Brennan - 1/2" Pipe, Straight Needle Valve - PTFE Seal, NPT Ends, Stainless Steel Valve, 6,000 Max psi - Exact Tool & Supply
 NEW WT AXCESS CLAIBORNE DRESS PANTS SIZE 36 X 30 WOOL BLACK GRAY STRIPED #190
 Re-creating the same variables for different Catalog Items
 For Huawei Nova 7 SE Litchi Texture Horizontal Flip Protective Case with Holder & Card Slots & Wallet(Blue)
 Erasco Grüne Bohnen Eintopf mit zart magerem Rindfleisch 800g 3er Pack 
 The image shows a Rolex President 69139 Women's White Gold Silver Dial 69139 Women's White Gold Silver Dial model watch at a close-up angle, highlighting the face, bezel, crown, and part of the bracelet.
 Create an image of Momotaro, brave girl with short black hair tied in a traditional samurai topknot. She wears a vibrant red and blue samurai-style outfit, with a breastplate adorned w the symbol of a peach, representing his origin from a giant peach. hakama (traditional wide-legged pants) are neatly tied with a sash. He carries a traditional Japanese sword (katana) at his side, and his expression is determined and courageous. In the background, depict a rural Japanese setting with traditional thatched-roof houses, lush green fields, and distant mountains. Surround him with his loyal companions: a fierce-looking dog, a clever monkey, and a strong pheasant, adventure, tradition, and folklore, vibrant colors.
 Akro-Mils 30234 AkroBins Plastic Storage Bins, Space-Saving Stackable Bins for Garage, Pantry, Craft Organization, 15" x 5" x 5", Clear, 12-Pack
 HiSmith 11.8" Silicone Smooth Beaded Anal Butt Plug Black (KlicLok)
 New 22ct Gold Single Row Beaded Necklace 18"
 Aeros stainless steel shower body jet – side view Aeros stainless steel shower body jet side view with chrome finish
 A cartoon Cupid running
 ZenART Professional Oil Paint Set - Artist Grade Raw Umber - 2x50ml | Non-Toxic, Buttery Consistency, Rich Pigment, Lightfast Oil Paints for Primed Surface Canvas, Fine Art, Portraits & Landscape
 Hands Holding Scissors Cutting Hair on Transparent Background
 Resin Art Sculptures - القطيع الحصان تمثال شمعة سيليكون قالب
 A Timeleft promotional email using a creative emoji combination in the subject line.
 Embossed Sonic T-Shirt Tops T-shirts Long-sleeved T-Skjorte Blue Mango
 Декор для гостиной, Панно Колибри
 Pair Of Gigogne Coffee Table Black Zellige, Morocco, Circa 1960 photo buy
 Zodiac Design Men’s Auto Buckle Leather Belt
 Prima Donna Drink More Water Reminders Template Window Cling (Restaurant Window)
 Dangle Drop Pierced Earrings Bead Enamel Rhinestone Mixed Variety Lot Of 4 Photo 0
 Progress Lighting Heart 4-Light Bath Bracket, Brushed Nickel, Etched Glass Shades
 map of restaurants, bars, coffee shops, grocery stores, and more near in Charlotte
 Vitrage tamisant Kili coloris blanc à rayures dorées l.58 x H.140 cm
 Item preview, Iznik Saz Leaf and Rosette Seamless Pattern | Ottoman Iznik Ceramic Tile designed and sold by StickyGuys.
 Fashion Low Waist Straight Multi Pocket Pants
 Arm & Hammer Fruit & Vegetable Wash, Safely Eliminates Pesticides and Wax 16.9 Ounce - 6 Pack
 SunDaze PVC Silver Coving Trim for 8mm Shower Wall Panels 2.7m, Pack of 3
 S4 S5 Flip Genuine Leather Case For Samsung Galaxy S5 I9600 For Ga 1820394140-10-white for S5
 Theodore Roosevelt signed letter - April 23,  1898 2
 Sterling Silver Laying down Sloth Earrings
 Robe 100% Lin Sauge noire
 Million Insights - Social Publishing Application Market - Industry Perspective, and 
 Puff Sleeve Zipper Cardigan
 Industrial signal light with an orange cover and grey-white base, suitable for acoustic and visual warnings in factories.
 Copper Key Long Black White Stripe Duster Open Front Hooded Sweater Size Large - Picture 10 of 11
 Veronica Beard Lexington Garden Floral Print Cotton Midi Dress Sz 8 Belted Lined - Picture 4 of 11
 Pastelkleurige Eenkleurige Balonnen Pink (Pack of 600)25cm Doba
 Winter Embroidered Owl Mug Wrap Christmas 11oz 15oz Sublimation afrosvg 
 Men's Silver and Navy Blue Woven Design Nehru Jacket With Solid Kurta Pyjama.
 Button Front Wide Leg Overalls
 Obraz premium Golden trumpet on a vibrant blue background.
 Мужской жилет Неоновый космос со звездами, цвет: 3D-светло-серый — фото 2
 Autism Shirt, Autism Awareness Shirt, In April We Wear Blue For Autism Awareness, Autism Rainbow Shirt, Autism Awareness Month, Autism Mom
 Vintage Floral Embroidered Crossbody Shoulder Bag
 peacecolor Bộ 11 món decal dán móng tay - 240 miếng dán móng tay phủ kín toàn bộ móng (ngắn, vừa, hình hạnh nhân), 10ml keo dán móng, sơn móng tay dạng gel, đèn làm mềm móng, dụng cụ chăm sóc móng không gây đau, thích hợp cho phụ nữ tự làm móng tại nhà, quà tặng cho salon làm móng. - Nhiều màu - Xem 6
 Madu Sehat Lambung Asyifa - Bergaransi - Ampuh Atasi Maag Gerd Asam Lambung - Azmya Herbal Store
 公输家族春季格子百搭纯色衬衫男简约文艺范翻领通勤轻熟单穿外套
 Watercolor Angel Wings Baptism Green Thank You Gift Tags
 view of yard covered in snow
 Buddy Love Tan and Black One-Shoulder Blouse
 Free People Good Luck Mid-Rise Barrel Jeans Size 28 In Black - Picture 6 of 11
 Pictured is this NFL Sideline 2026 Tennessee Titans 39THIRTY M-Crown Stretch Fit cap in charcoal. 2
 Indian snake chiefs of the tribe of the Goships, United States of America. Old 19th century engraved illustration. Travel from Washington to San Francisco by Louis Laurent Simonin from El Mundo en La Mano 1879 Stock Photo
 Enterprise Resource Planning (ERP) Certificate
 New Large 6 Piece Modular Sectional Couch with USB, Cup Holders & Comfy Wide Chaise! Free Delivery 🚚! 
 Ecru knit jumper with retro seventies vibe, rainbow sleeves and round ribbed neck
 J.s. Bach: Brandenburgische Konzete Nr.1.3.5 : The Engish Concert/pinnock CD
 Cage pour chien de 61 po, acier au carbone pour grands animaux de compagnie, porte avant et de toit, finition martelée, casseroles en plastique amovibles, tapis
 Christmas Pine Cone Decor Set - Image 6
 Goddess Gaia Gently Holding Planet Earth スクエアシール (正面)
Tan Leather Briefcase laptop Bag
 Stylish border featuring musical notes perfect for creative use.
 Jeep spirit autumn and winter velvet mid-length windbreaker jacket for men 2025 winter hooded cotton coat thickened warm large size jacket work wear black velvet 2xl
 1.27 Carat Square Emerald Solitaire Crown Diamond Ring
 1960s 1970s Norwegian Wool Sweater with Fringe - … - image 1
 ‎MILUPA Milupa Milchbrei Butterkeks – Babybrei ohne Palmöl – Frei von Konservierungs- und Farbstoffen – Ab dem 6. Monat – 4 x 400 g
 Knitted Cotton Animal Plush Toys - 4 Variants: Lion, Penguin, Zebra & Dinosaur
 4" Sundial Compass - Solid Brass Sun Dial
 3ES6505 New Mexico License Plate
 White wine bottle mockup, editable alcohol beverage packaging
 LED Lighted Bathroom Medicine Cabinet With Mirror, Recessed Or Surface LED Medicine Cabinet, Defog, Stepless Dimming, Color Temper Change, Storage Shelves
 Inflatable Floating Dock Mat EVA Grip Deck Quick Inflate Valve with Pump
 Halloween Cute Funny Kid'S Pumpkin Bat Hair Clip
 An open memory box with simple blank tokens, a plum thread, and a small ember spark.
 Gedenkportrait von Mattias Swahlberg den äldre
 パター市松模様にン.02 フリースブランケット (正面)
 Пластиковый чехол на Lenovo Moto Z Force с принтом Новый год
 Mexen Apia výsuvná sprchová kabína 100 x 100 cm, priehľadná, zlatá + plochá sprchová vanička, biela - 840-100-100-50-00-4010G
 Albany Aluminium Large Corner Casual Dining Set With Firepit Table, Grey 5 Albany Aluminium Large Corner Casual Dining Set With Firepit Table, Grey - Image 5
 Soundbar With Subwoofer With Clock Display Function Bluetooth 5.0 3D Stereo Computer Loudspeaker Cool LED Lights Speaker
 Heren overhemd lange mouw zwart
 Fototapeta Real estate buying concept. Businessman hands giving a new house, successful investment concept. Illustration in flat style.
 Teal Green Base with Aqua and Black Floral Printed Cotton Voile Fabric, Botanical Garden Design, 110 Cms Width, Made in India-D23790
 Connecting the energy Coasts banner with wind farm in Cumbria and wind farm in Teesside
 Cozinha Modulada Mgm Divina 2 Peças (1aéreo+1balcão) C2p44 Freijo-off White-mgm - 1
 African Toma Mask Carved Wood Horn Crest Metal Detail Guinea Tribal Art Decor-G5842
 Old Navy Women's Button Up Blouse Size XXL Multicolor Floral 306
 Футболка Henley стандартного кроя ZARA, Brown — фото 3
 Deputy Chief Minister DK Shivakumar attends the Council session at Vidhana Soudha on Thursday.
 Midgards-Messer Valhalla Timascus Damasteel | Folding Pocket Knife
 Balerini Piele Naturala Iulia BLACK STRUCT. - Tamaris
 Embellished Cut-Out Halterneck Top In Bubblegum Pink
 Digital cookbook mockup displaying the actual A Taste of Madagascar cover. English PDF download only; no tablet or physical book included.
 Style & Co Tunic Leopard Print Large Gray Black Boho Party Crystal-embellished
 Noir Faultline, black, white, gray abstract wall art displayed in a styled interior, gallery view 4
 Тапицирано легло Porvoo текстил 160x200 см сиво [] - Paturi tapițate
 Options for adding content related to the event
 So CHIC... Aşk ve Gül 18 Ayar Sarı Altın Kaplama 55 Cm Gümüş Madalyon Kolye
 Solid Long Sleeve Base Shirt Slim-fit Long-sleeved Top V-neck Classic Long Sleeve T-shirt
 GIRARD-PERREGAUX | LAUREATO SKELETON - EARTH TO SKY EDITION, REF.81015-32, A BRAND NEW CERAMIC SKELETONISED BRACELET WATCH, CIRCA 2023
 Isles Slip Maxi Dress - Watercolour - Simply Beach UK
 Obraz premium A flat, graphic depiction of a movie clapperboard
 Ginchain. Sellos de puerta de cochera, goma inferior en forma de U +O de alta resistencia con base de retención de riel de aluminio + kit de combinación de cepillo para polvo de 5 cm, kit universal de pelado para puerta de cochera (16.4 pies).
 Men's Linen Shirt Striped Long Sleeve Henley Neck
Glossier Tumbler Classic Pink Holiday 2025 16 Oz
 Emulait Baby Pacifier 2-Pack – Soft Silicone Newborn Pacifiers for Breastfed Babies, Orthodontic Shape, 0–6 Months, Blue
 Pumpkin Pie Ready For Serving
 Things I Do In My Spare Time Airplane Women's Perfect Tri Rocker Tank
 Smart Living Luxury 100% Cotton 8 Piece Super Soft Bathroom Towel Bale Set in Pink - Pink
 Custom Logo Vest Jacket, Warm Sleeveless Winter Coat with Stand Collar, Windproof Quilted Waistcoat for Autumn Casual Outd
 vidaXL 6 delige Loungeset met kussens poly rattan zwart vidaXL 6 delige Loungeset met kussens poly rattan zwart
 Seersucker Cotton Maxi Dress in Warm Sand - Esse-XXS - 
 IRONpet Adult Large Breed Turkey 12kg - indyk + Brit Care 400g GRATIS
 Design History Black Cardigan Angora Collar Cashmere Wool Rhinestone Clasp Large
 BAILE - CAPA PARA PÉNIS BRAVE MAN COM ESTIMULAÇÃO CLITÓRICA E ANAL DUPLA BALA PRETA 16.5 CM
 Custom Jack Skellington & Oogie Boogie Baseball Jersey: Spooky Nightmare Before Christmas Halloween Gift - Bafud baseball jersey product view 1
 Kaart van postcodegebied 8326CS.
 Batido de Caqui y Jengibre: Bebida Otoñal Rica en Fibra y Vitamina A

================================

EXERCISE REQUIREMENTS: Everything above from the line containing "Button Front Wide Leg Overalls" down to the line containing "Buddy Love Tan and Black One-Shoulder Blouse" is to be transcribed exactly, with both of those lines included and nothing else added.

REPLY:
 Button Front Wide Leg Overalls
 Obraz premium Golden trumpet on a vibrant blue background.
 Мужской жилет Неоновый космос со звездами, цвет: 3D-светло-серый — фото 2
 Autism Shirt, Autism Awareness Shirt, In April We Wear Blue For Autism Awareness, Autism Rainbow Shirt, Autism Awareness Month, Autism Mom
 Vintage Floral Embroidered Crossbody Shoulder Bag
 peacecolor Bộ 11 món decal dán móng tay - 240 miếng dán móng tay phủ kín toàn bộ móng (ngắn, vừa, hình hạnh nhân), 10ml keo dán móng, sơn móng tay dạng gel, đèn làm mềm móng, dụng cụ chăm sóc móng không gây đau, thích hợp cho phụ nữ tự làm móng tại nhà, quà tặng cho salon làm móng. - Nhiều màu - Xem 6
 Madu Sehat Lambung Asyifa - Bergaransi - Ampuh Atasi Maag Gerd Asam Lambung - Azmya Herbal Store
 公输家族春季格子百搭纯色衬衫男简约文艺范翻领通勤轻熟单穿外套
 Watercolor Angel Wings Baptism Green Thank You Gift Tags
 view of yard covered in snow
 Buddy Love Tan and Black One-Shoulder Blouse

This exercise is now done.